Seen as little more than a steadying hand in Italy, the coach is now just one game away from a continental crown.
Zaccheroni on the verge of Asian Cup glory with Japan
A year ago this weekend, Alberto Zaccheroni was preparing for his first match in charge of Juventus.
He had been told he was no more than the caretaker, a seasoned warrior whose brief was to give some stability to a vessel that had lost its bearings under a younger navigator, Ciro Ferrera, and to guide the ship into something like an acceptable harbour by the end of the season.
He took Juve to a place in the Europa League for 2010/11, which was a little short of what optimistic directors of the club had hoped for, and certainly insufficient to gain him a longer stay at Serie A's most decorated club.
He had turned 57 in his four-month stint at Juve, and it looked as if his likeliest next step would be return to the media analyses he had been doing with distinction in other periods when he was without a club.
Other Italian teams would probably have been in touch with him to play fireman, to guide them out of a crisis, but the fact that Zac, as he is usually known in Italy, has now served at the helm of each of Italy's Big Three - he has coached AC Milan and Inter Milan as well as Juve - meant that his horizons would be set more at the level of Lazio, Torino or Udinese, all of whom he coached before.
Zaccheroni has been around the block in his native country. When the Juve opportunity came his way, he said something about not wanting to go abroad because of the esteem in which he held Italian football.

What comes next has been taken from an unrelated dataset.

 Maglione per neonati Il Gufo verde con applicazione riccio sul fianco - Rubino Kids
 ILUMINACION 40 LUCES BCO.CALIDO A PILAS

Evidently he had softened his opinion when, last August, the Japanese Football Association invited him to take over a national team for the first time in his long, distinguished career.
What they got was a man with a scudetto gleaming out of his CV - the 1999 Italian title, won with Milan - and a reputation for tactical rigour. As a younger coach, Zaccheroni was identified with three-at-the-back, typically in a 3-4-3 formation. When successful, as he was with Udinese and on arrival at Milan, he would be praised for the strategy; when it failed, he would be deemed too dogmatic. These ups and downs are part of the vocation.
But he seemed in some ways an unlikely candidate for a long voyage overseas, even if many of his contemporaries from Serie A's coaching circle have in recent years chosen to work abroad: at his first major tournament as an international manager, Zaccheroni has already gone two stages better - by reaching the Asian Cup final - than Sven-Goran Eriksson, late of Sampdoria, Fiorentina, Roma and Lazio, or Fabio Capello, the former Milan and Juventus coach, managed with the England team.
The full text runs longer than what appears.